Mylar would defiantely hold the gas longer than a regular balloon, but even it will leak. Many people goes out of their way to find airline that is CO2 proof. Tubing is much thicker but still has issues.

Most beer is made in stainless tell vats. Not something you could usually afford.

I understand that your idea is to try and have a smaller container with higher pressure to store more CO2 in a smaller space. Here are a couple of thoughts;
1) How will you regulate the pressure? Higher pressure means higher flow that is harder to control.
2) won't the fermented mix foam into your regulator/needle valve?
3) Does the mix need any air to ferment?

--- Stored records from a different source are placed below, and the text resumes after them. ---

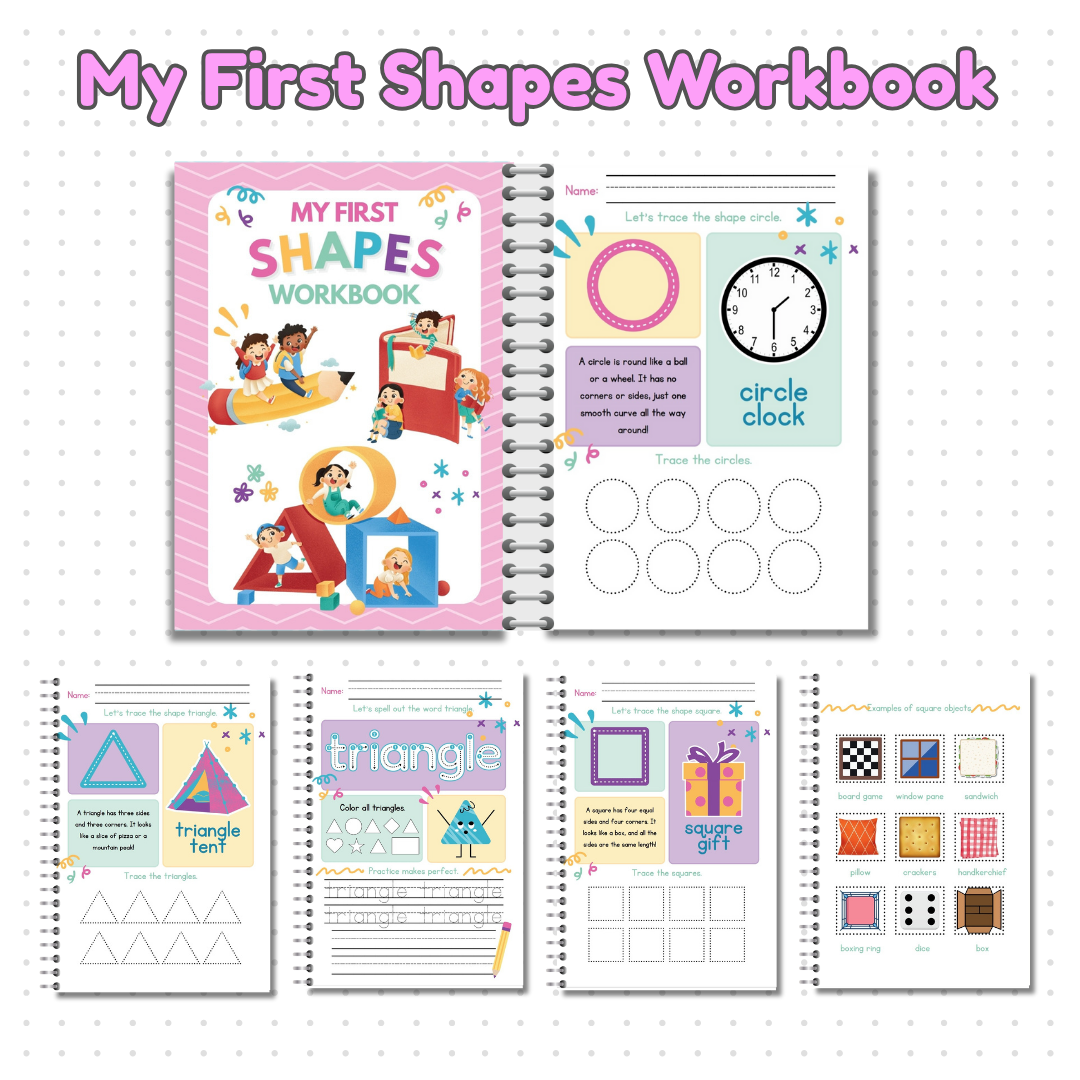 My First Shapes Workbook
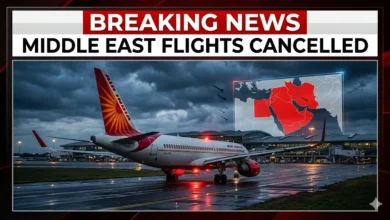 Israel-Iran war-बीच रास्ते से लौटी फ्लाइट! इजरायल-ईरान जंग के बीच मिडिल ईस्ट की उड़ानें बंद, एयर इंडिया और इंडिगो ने जारी किया बड़ा अलर्ट।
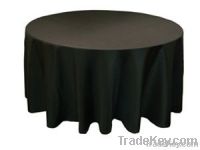 decorative round table cloth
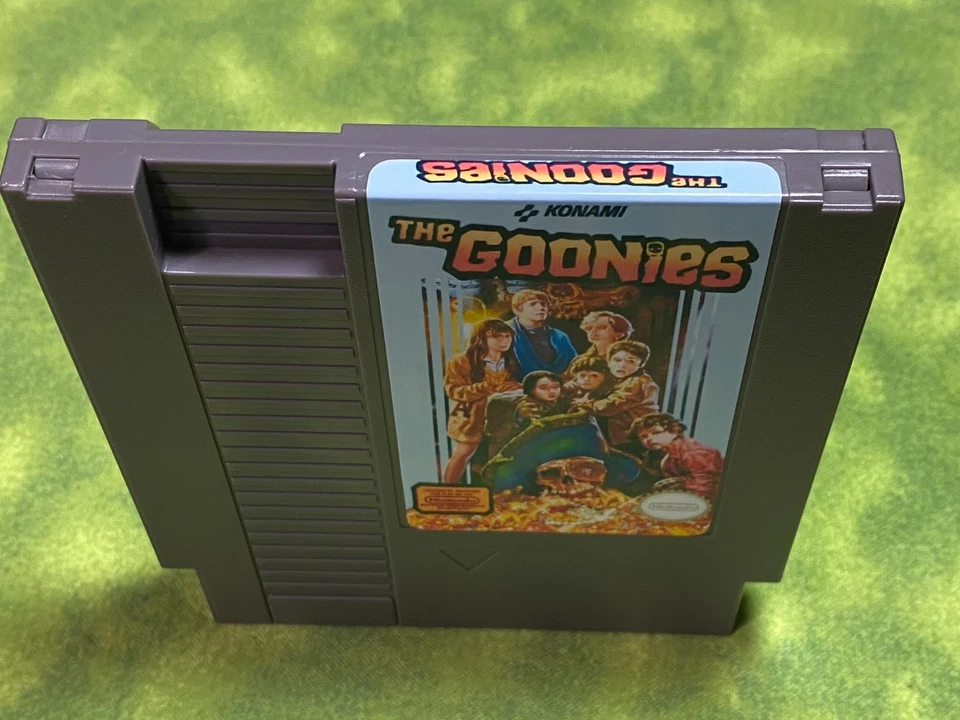 The Goonies 1 One Game For NES Nintendo English NTSC-U/C (US/Canada) !!!!!!!!!!! - Image 2 of 4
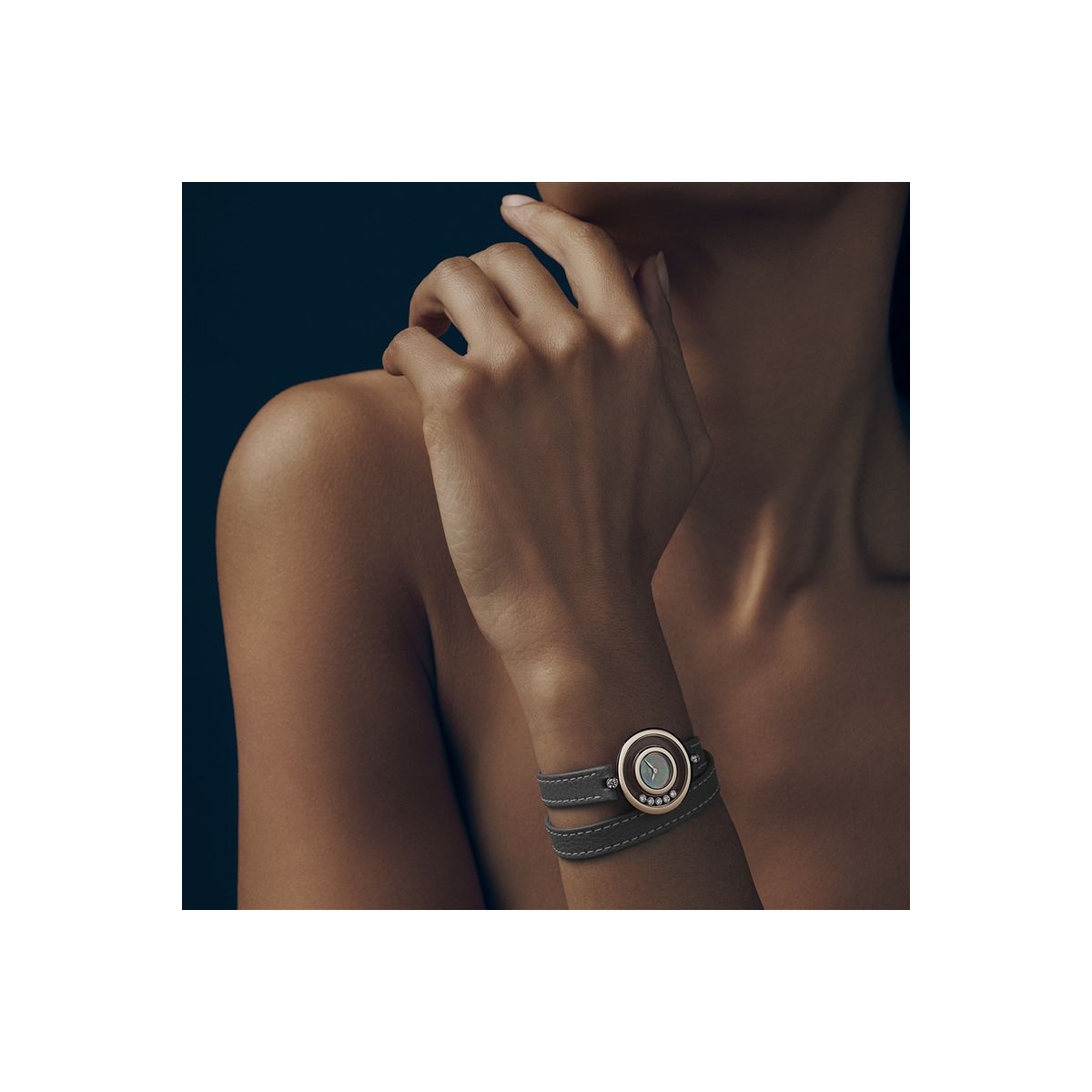 ZEGAREK CHOPARD HAPPY DIAMONDS ICONS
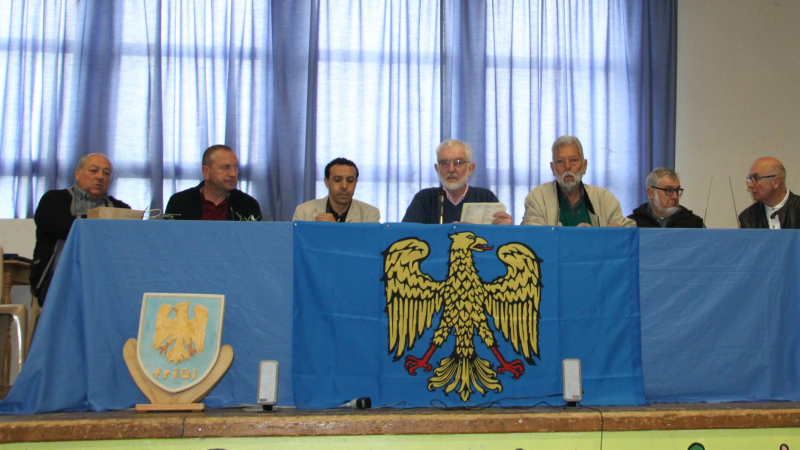 Inauguration du Fogolar de Vuascogne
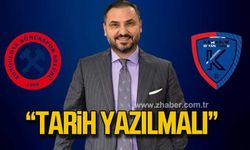 Başkan Tıskaoğlu; "Tarih yazılmalı"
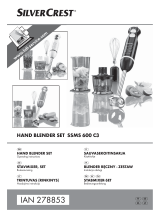 Silvercrest ET SSMS 600 C3 Operating Instructions Manual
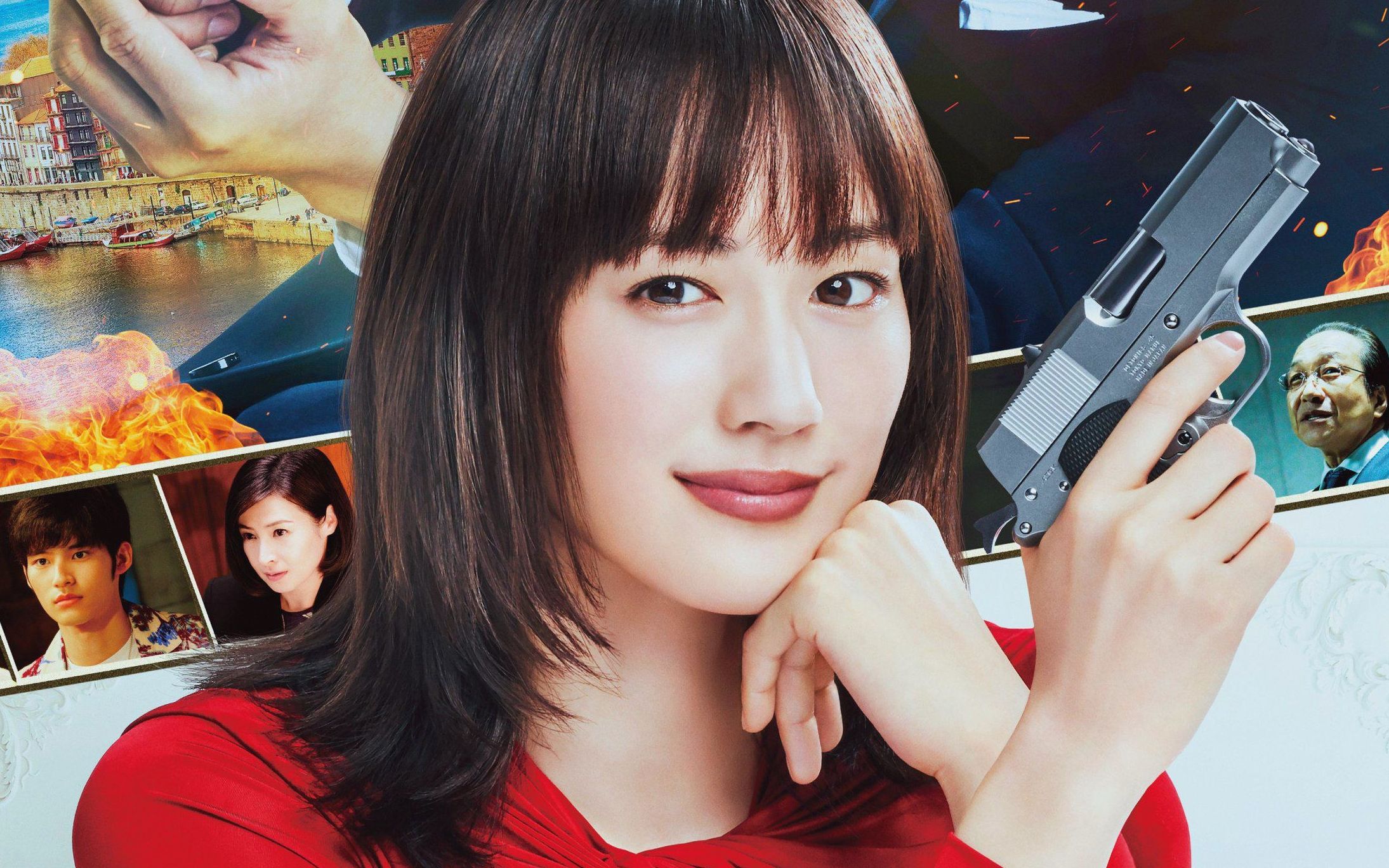 绫濑遥!日版史密斯夫妇《太太请小心轻放》定档预告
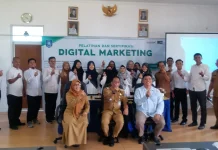 Sebanyak 20 Peserta Ikuti Pelatihan Digital Marketing
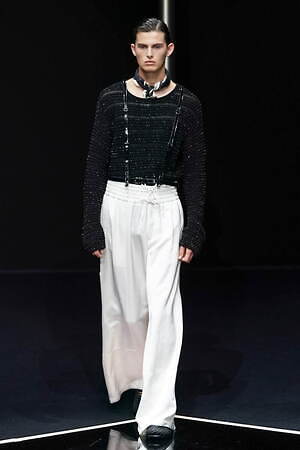 エンポリオ アルマーニ(EMPORIO ARMANI) 2024年春夏メンズコレクション  - 写真87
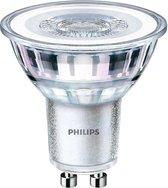 Philips LED lamp GU10 Reflector Spot Lichtbron - Warm wit - 3,5W = 35W - Ø 5 cm - 2 stuks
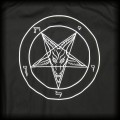 Koszula goth LXL DIY Pentagram i Baphomet5.jpg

In which case you're halving the amount of air sealed in the container to fuel the reation.
4) If you do build it, how about 4-6" PVC. YOu can get screw on caps and its easy to drill and tap for small air fittings.

*James Hoftiezer
Hoftiezer.Net - Journals and Libraries
Rate My Tank!!

Tank Journal - Aquascape ( Latest / Archive(No Longer Active))
Tank Journal - Parts and Construction ( Latest / Archive(No Longer Active))*


----------



## discusaigon (Mar 10, 2004)

I use pressurised plastic bottle wich are originaly made to add pesticide on plants to produce my CO2 with sugar and yeast.

I'll show you some pictures of my instalation later

This systeme has benn tested by some french aquario hobbist and until now it works well









-----------------------------

Sorry for my english level


----------



## discusaigon (Mar 10, 2004)

here is the picture of my CO2 system :








you can see the yelow thing on the right top, this is the security.

-----------------------------

Sorry for my english level


----------



## gsmollin (Feb 3, 2003)

And after the sugar-yeast is exhausted, you can spray the mixture on your shrubs! snork-snork-snork


----------